▶ **Task prompt**
The lines to extract begin at the line that contains "Calvin Klein Men's" and run through the last line of the listing; reproduce them exactly, minus any pictures.

▶ **Information shown**
+--

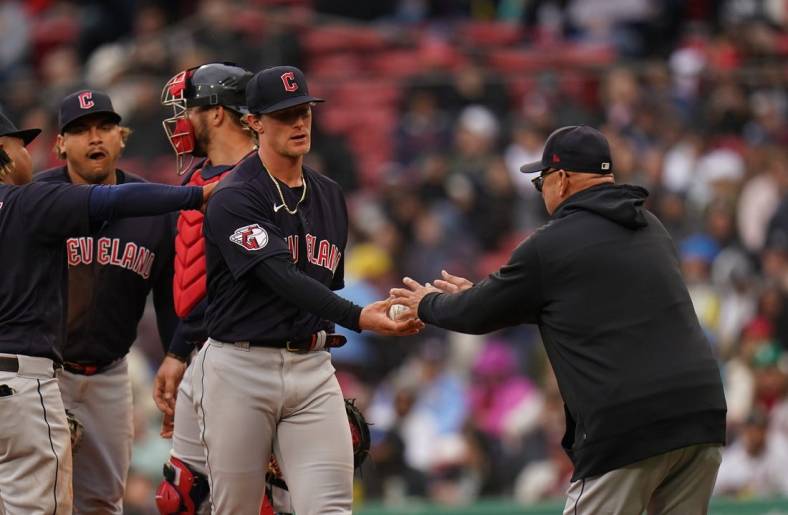 Apr 29, 2023; Boston, Massachusetts, USA; Cleveland Guardians starting pitcher Zach Plesac (34) is taken out of the game by manager Terry Francona (77) as they take on the Boston Red Sox in the fourth inning at Fenway Park. Mandatory Credit: David Butler II-USA TODAY Sports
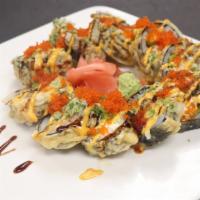 Monster Roll · Hot and spicy. Eel, avocado, crab meat, white fish, shrimp and cream cheese deep fried. Topp...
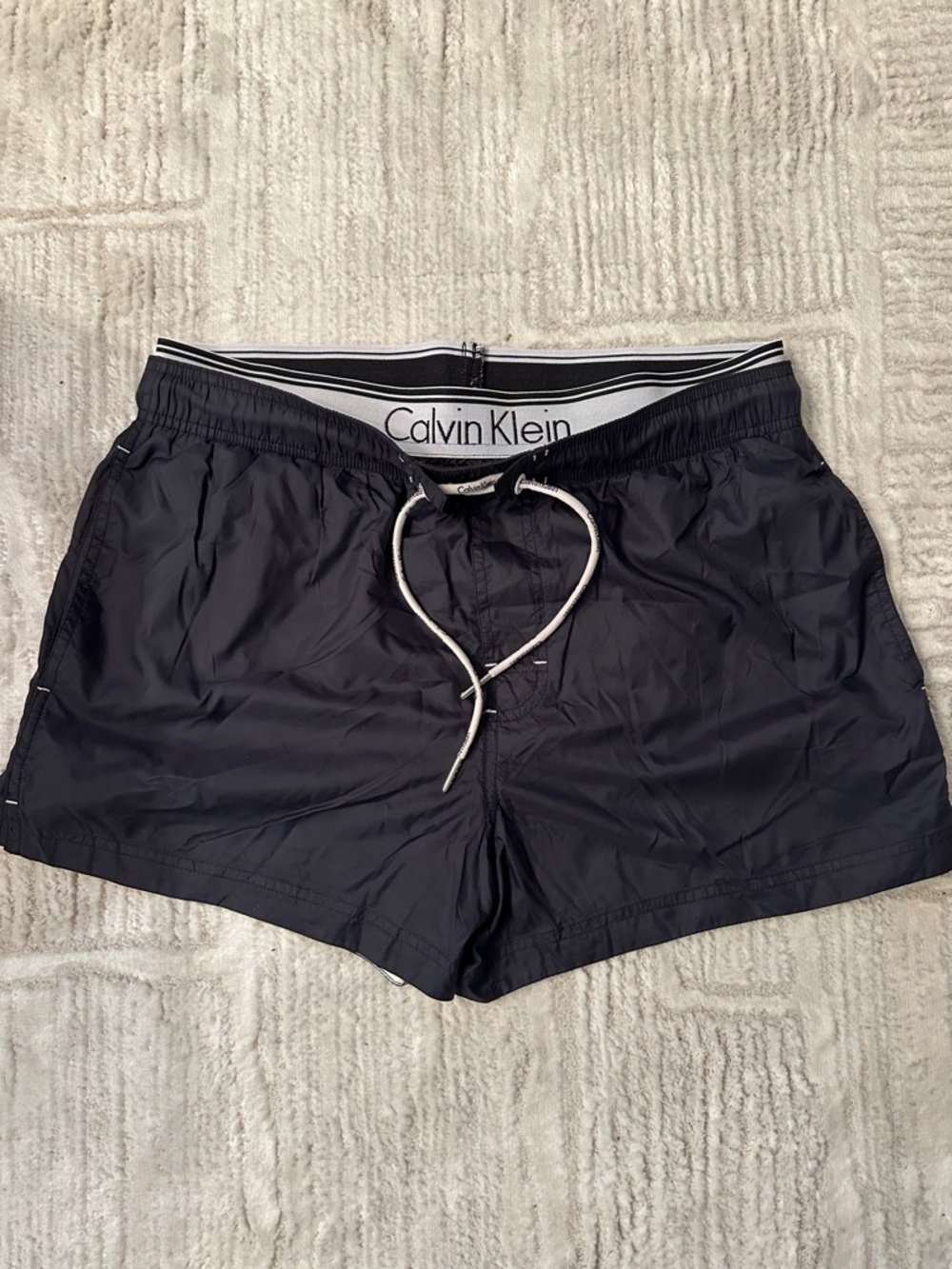 Calvin Klein Men's Black Swim Trunks with White Logo Waistband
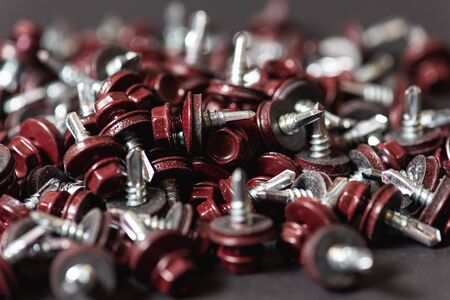 Top view of roofing screws background texture. Red roofing screws background. A bunch of...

+--

▶ **Response area**
 Calvin Klein Men's Black Swim Trunks with White Logo Waistband
 Top view of roofing screws background texture. Red roofing screws background. A bunch of...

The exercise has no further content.